Ein Laser-Interferometer nutzt die Tatsache aus, dass Laserlicht immer mit der gleichen Wellenlänge schwingt. Der Laserstrahl wird durch einen halbdurchlässigen Spiegel geschickt, sodass sich der Strahl im 90-Grad-Winkel aufteilt. Beide Laserstrahlen machen sich nun auf die gleichlange Reise zum Spiegel am Ende des Strahlrohrs und von dort aus wieder zurück.

Nur werden die Strahlen vom ersten halbdurchlässigen Spiegel zu einem Detektor geleitet. Da beide Strahlen gleich lang unterwegs waren, ist ihr Takt auch gleich. Der Detektor sieht keine Interferenz.

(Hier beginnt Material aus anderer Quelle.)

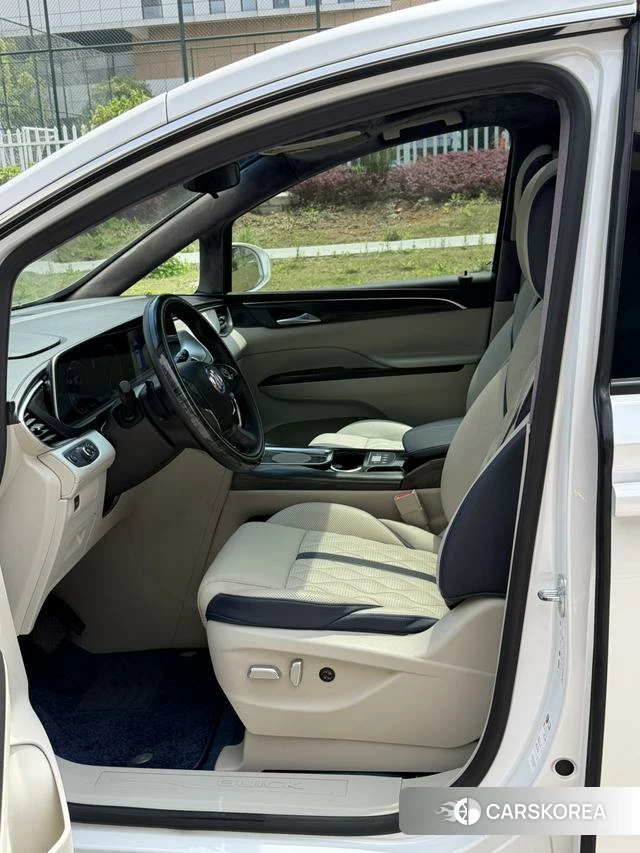 Buick GL8 2021 Белый из Китая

Eine Gravitationswelle dehnt jedoch sowohl die Zeit als auch den Raum. Die Folge: Wenn eine Gravitationswelle auf das Interferometer trifft, kommen die beiden Laserstrahlen in den beiden Strahlrohren aus dem Takt. Dadurch kommt es zu einem Interferenzmuster, das Signal einer Gravitationswelle. Die LIGO-Detektor-Software errechnet dann das typische Wellenmuster, das schließlich auch akustisch wiedergegeben werden kann.

Interferometer Geo600

Der Laser-Interferometer GEO600 des Max-Planck-Instituts für Gravitationsphysik

Echte Welle oder falsche Welle – fünf Monate Ungewissheit

Die Suche nach Gravitationswellen ist nicht leicht. Jeder Stoß, jeder vorbeifahrende LKW, ja selbst die Brandung des fernen Ozeans wird von den LIGO-Detektoren gemessen.

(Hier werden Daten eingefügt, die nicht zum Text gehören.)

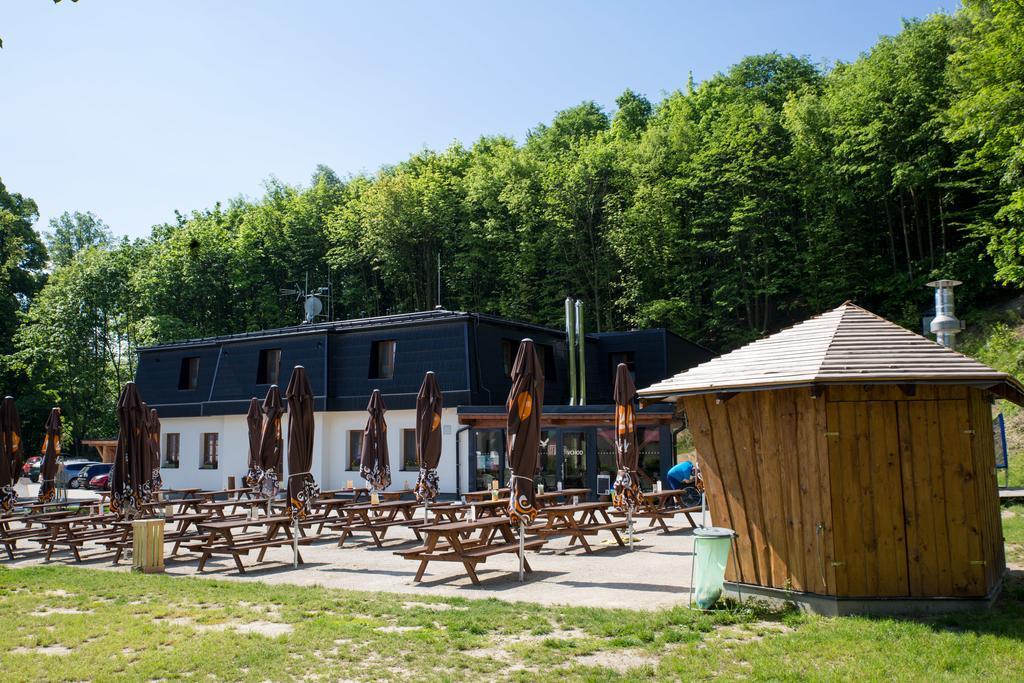 Restaurace A Penzion Bludovecek Exterior photo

Es sind feine Wellenmuster, die es zu unterscheiden gilt. Die irdischen Wellen haben die Physiker schnell herausgefiltert, doch wie sieht nun eine Gravitationswelle für die Messinstrumente aus?

Dazu wurden mathematische Modelle entwickelt, quasi Schablonen, die zum Beispiel einen rotierenden Neutronenstern simulieren, oder eben zwei ineinanderstürzende schwarze Löcher. Diese Schablonen werden dann über die gemessenen Daten gelegt und die Entscheidung kann getroffen werden: Ist es eine Gravitationswelle oder eben nicht.

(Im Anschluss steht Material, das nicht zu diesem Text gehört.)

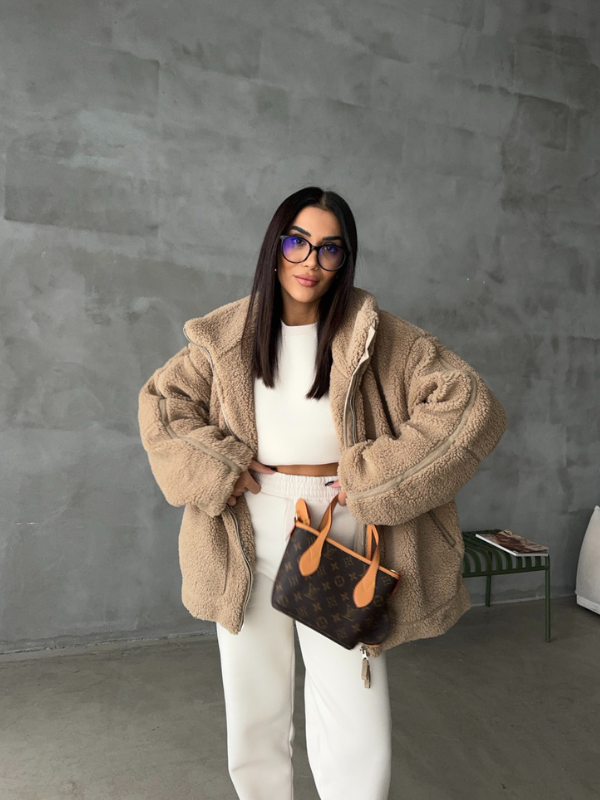 Dames Tussenjas met Oversized Pasvorm en Zachte Sherpa Fleece Bruin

Zusätzlich wurden und werden immer wieder täuschend echte Testwellen in das System gespielt. So will man den Ernstfall üben – von der Messung bis zur Überprüfung. Tagelang haben die LIGO-Mitarbeiter so schon Berechnungen und Analysen durchgeführt, bis erst zum Schluss verkündet wurde, dass es nur ein Test war.

Daher wird das Signal vom 15. September 2015 auch erstmal geheim gehalten. Denn niemand weiß zunächst, ob es ein echtes Signal ist oder ein simuliertes. Dann stellt sich heraus: Es ist kein Test! Es ist das erste Mal in der Geschichte der Menschheit, dass eine Gravitationswelle gemessen werden konnte.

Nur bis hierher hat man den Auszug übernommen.